If you checked I have a CA issued Certificate you will be presented with the following screen, you need to specify the locations of your certificate and key. The description of the options is as follows:

Option Description
Web Certificate The location of the web certificate file in PEM format
Web Private Key The location of the web private key file in PEM format
../_images/web-tls3.png

Setup Running

The baruwa-setup program will now ran the setup processes to configure the system. The processes include updating all the packages on the system. If a newer version of baruwa-setup is downloaded and installed, the process will reload the baruwa-setup command. When this happens a notification message with a 30 second countdown timer will be displayed and the baruwa-setup command will reload and display the initial (System Settings) screen. If this happens simply press the next button or the F12 key until you get to the Setup Running screen again.

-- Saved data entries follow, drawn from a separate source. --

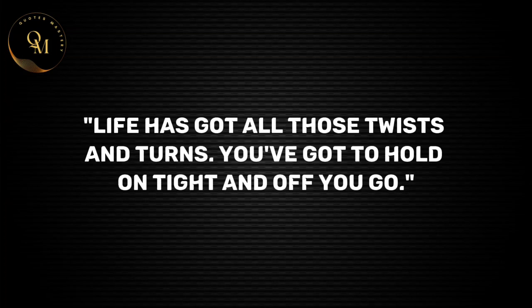Life has got all those twists and turns, you've got to hold on tight and off you go.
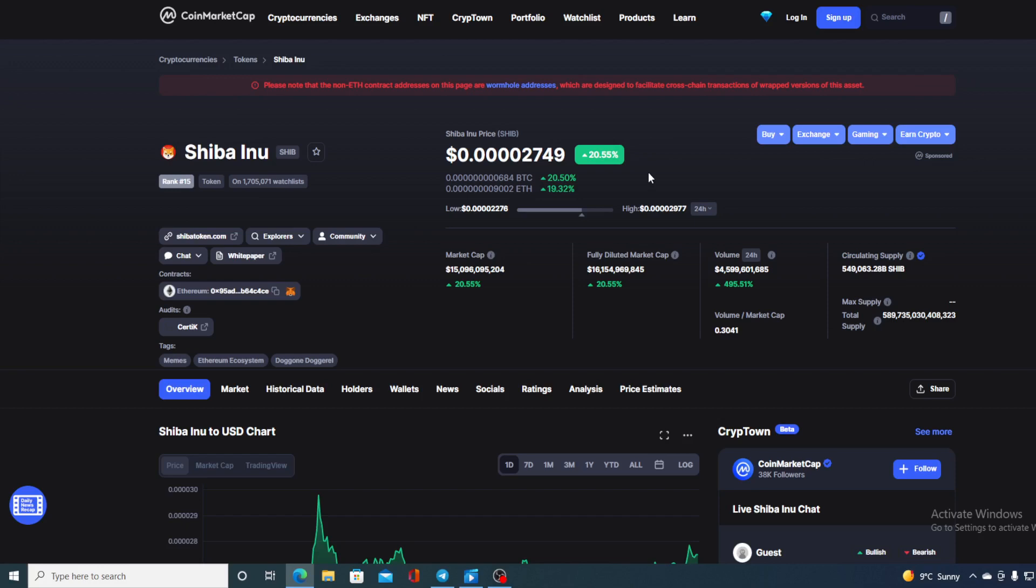The trading volume is also up through the roof, almost 500%, 495.51 to be exact. But this is not the most beautiful thing that I have to show you guys.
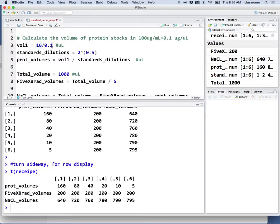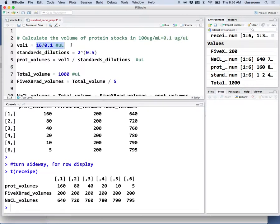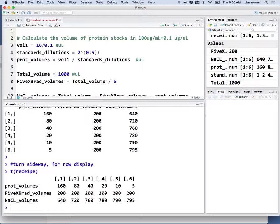We need 16 micrograms, and since the stock concentration is 0.1, we divide by 0.1 to get the volume for the first tube. For this standard curve, the recipe says 16, 8, 4, 2, 1, 0. How is that calculated?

At this point there is nothing left for you to do until the setup is complete. The program will update the screen with status information as well as logging it to /var/log/messages. If an error occurs the error information will be displayed until you press the enter button and the program will exit.

Warning

If an error occurs while running setup, DO NOT REINSTALL the system copy the error and contact support.

../_images/setup.png

Setup Complete

When the setup is complete the following screen will be displayed simply press enter and the program will exit

../_images/setup-complete.png

To ensure that all the settings are correctly applied reboot the server from the command line using the command:

reboot

Post Configuration

Now that the installation and setup are complete, you need to finalize the setup by Adding a Scanning Node, Adding an Organization, Adding a Domain and Adding an Account. This is done through the management web interface.

The exact sequence to follow is:

  • Add the Node
  • Add an Organization
  • Add a Domain to the Organization
  • Add a delivery server for the Domain
  • Add a Domain Administrator Account for the organization
  • Edit the Organization and assign Domain Administrator to the organization
  • Add any user accounts to the Domain if not using external authentication

Review the DNS, Administrators guide, Email Protection Best Practices and Advanced configuration sections for other configuration and setup options available.